How Does Foclivia Interact with Other Drugs?
As an inactivated vaccine, Foclivia does not undergo systemic metabolism in the same way as conventional pharmaceutical drugs. It does not interact with cytochrome P450 enzymes or other drug metabolism pathways, and therefore traditional pharmacokinetic drug-drug interactions are not a concern. However, there are several important pharmacodynamic considerations regarding co-administration with other treatments and vaccines.
The following table summarizes the key interaction considerations for Foclivia:
| Category | Examples | Interaction Status | Recommendation |
|---|---|---|---|
| Other inactivated vaccines | Seasonal influenza, tetanus, pneumococcal | No significant interaction | May be co-administered at different injection sites |
| Live attenuated vaccines | MMR, varicella, nasal influenza spray | No interference expected | Can be given simultaneously or at any interval |
| Immunosuppressive drugs | Corticosteroids, methotrexate, biologics, chemotherapy | May reduce immune response | Vaccinate; response may be suboptimal. Additional doses may be considered. |
| Anticoagulants | Warfarin, heparin, DOACs (rivaroxaban, apixaban) | No effect on vaccine efficacy | Use fine needle; apply pressure for 2 min post-injection |
| Antipyretics/Analgesics | Paracetamol, ibuprofen | Prophylactic use may reduce immune response | Use for symptom relief after vaccination; avoid prophylactic use |
| Antibiotics | Amoxicillin, azithromycin, ciprofloxacin | No interaction | No dose adjustment needed |
Major Interactions
The most clinically significant interaction is with immunosuppressive therapies. Patients receiving systemic corticosteroids at high doses (equivalent to ≥20 mg/day of prednisolone for ≥2 weeks), cytotoxic chemotherapy, biological disease-modifying antirheumatic drugs (bDMARDs such as rituximab, which depletes B cells), or organ transplant rejection prophylaxis may have a significantly diminished antibody response to Foclivia. For patients on rituximab, vaccination should ideally be timed to occur at least 6 months after the last rituximab infusion and at least 4 weeks before the next planned infusion to maximize the chance of mounting an adequate immune response. However, during a pandemic, vaccination should not be withheld or delayed solely because of immunosuppressive treatment — even a reduced immune response may provide partial protection.
Minor Interactions
Prophylactic use of antipyretic/analgesic medications (such as paracetamol or ibuprofen) before or at the time of vaccination has been associated with a modest reduction in antibody responses to some vaccines in clinical studies. While this effect has not been specifically studied with Foclivia, it is generally recommended that antipyretics and analgesics be used for symptomatic relief of post-vaccination side effects (such as injection site pain, headache, or fever) rather than taken prophylactically before vaccination. If you develop side effects after receiving Foclivia, taking paracetamol or ibuprofen for symptom relief is appropriate and will not significantly impact your overall immune response.

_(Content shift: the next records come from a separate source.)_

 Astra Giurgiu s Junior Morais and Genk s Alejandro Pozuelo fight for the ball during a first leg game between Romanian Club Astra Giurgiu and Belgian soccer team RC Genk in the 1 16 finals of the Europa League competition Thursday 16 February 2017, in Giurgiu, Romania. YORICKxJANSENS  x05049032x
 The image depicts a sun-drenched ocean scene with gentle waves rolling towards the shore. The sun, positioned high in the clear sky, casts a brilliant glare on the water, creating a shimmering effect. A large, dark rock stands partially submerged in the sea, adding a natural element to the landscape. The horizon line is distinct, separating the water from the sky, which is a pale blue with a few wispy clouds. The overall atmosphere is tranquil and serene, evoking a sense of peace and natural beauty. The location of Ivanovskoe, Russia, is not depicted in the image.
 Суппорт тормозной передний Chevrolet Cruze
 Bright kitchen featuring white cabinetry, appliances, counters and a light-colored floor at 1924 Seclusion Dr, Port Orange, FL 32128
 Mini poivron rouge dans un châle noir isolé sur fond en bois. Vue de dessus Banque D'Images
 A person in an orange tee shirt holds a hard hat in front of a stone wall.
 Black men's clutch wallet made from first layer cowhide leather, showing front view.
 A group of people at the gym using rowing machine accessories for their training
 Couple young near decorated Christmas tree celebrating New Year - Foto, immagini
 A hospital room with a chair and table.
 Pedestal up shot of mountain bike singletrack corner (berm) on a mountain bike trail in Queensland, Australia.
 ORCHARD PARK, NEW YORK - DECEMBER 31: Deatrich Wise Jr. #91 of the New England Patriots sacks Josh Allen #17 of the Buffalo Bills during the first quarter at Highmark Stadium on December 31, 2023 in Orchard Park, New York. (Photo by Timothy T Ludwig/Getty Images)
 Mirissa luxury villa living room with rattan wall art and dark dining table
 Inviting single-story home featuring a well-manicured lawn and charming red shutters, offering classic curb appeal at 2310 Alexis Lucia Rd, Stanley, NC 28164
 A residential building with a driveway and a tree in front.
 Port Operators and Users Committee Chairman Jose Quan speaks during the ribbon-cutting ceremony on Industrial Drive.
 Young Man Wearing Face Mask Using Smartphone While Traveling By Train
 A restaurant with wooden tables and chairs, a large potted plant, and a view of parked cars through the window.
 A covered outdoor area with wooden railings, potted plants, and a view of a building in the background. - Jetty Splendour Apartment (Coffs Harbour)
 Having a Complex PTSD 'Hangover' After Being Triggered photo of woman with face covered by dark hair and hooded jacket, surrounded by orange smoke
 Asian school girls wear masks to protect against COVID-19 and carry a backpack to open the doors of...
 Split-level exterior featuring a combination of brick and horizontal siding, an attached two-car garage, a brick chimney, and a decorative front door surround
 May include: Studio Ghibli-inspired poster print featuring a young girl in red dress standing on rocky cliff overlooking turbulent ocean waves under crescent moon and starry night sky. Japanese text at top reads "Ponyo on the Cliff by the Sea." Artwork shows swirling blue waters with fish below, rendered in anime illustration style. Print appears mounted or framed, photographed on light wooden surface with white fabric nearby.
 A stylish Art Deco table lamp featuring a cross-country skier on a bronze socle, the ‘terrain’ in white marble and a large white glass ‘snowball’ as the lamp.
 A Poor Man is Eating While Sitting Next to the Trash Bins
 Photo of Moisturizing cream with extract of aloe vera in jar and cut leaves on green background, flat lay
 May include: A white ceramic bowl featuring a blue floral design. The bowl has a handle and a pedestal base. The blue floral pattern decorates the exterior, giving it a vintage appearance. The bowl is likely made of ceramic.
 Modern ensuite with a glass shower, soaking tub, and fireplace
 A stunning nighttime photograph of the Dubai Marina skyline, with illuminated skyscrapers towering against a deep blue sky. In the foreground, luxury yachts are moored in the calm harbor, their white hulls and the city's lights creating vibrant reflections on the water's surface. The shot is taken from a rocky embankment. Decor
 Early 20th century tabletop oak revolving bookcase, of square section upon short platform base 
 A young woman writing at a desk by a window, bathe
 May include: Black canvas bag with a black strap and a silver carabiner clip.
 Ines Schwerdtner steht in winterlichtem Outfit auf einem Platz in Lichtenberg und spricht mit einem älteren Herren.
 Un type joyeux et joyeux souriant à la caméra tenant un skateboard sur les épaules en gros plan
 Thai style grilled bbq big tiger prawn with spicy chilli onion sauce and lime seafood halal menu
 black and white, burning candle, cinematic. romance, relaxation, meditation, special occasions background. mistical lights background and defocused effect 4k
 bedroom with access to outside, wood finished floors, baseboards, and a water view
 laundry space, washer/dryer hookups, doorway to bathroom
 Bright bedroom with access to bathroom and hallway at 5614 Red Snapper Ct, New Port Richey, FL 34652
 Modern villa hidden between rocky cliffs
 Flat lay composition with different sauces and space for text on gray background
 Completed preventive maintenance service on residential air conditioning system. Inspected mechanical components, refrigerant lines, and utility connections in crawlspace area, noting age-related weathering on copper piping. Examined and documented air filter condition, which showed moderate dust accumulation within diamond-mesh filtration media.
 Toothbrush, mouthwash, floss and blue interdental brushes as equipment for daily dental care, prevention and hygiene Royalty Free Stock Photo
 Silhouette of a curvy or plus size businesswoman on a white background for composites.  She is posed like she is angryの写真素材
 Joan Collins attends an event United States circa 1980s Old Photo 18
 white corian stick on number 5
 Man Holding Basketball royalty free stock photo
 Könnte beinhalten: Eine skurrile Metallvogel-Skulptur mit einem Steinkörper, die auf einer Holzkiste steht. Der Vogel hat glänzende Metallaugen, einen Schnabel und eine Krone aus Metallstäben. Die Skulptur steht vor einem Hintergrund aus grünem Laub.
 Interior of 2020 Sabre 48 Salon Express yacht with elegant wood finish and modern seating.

There are no known interactions between Foclivia and dietary supplements, herbal products, or common over-the-counter medications other than those described above. Alcohol consumption in moderation is not expected to affect the immune response to the vaccine, although excessive alcohol intake can impair immune function generally.
If a pandemic occurs during the seasonal influenza period, Foclivia can be administered concurrently with seasonal influenza vaccines. The two vaccines should be given at different injection sites (e.g., one in each arm). Studies have shown that co-administration of adjuvanted and non-adjuvanted influenza vaccines does not result in clinically meaningful interference with the immune response to either vaccine.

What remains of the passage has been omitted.